В некоторых областях, первоначальная оргиастическая религия проявляет большую живучесть и силу сопротивления, откуда разбиваются своеобразные культовые формы. Так, в оргиастической Фракии, не знающей Зевса, бог умирающий и вместе убийственный, бог смерти в пассивном и активном смысле понятия, коему свойственно раздвоение на лики преследуемого и преследователя, остался единым богом при единой богине, Артемиде эллинов, или лишь поверхностно дифференцируется в двух взаимно восполняющих и сменяющих один другого богов, которых эллины наименовали Дионисом и Ареем. У фригийцев Зевс отожествлен с древним страдающим богом и является не пребывающим неизменно, а попеременно возникающим и исчезающим. В культовой области малоазийской (хеттской) Великой Матери, Реи эллинов, и в зависящих от нее культах, лемносском — Великой Богини, Bendis, и кипрском — Афродиты с ее сопрестольником, Адонисом, — оргиастическое женское единобожие с его подчиненным и жертвенным мужским коррелятом остается почти нетронутым. На Крите элементы первоначальной религии приведены в своеобразное сочетание с религией некоего Зевса-быка; мужское божество утверждено в полноте верховного религиозного принципа, и в то же время представления о рождении и смерти Зевса сближают его с богом Малой Азии.

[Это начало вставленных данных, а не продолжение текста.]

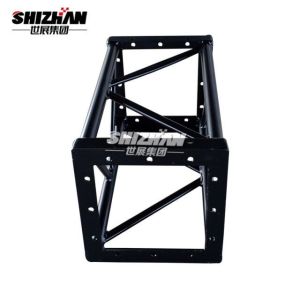 Round Concert Box Aluminum Lighting Truss Music Assembly Black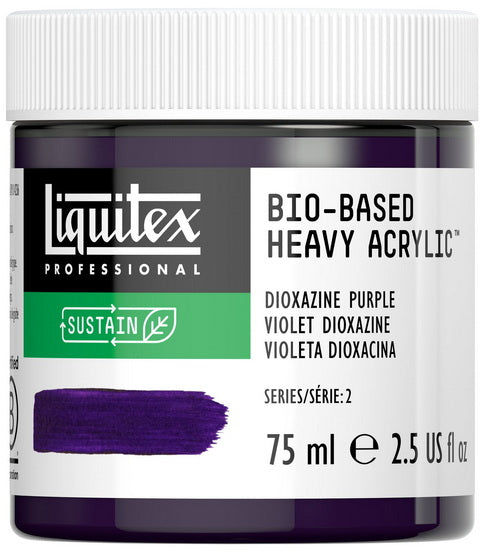 Bio hb acrylic - 2.5oz - dioxazine purple - s2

Религиозное влияние Крита, памятное Гомеру и не прекращавшееся до VI века, — влияние, так знаменательно выдвинутое в гомерическом гимне Аполлону Пифийскому, — глубоко изменяет во многих местных культах эллинское богопочитание, придавая Зевсу черты Идейского бога, Зевса Диктейского, который в своем оргиастическом и хтоническом облике является как бы пра-Дио-нисом. Периодичность рождения и смерти бога-быка, правда, давно забыта на Крите, и подражательные действа — mimeseis — окончательно закрепили воззрение на эти моменты в божестве Зевсовом, как на однажды происшедшее священное и таинственное событие, но они были неистребимы и, по-видимому, рано натолкнули Крит на поиски сыновней оргиастической ипостаси Зевса. Во всяком случае, критское оргиастическое почитание Диониса-Человекорастерзателя, своеобразно окрасившее островной круг дионисийства, извлечено из исконного представления о местном Зевсе, но уже по обретении Дионисова имени у эллинов. В эпоху же прадионисийскую именно критское влияние, как нам кажется, дало эллинству первый импульс — разрешить противоречие, открывшееся в идее Зевса между гомеровским представлением о нем и образом бога рождающегося и умирающего, путем перенесения оргиастического мифа о младенце, преследуемом и скрываемом в пещере, на нового бога, Зевсова сына. В раннем воздействии Крита на Делос и Дельфы мы видим неудавшуюся в целом попытку дать эллинам этого бога-сына в лице Аполлона, вследствие чего ему и приписаны в эту эпоху многие прадионисийские черты (стр. 51). Импульс мог быть дан Критом, но обретение сыновнего лика и имени все же, и в полной мере, — плод эллинского религиозного творчества, и оно впервые творит религию Диониса в собственном смысле.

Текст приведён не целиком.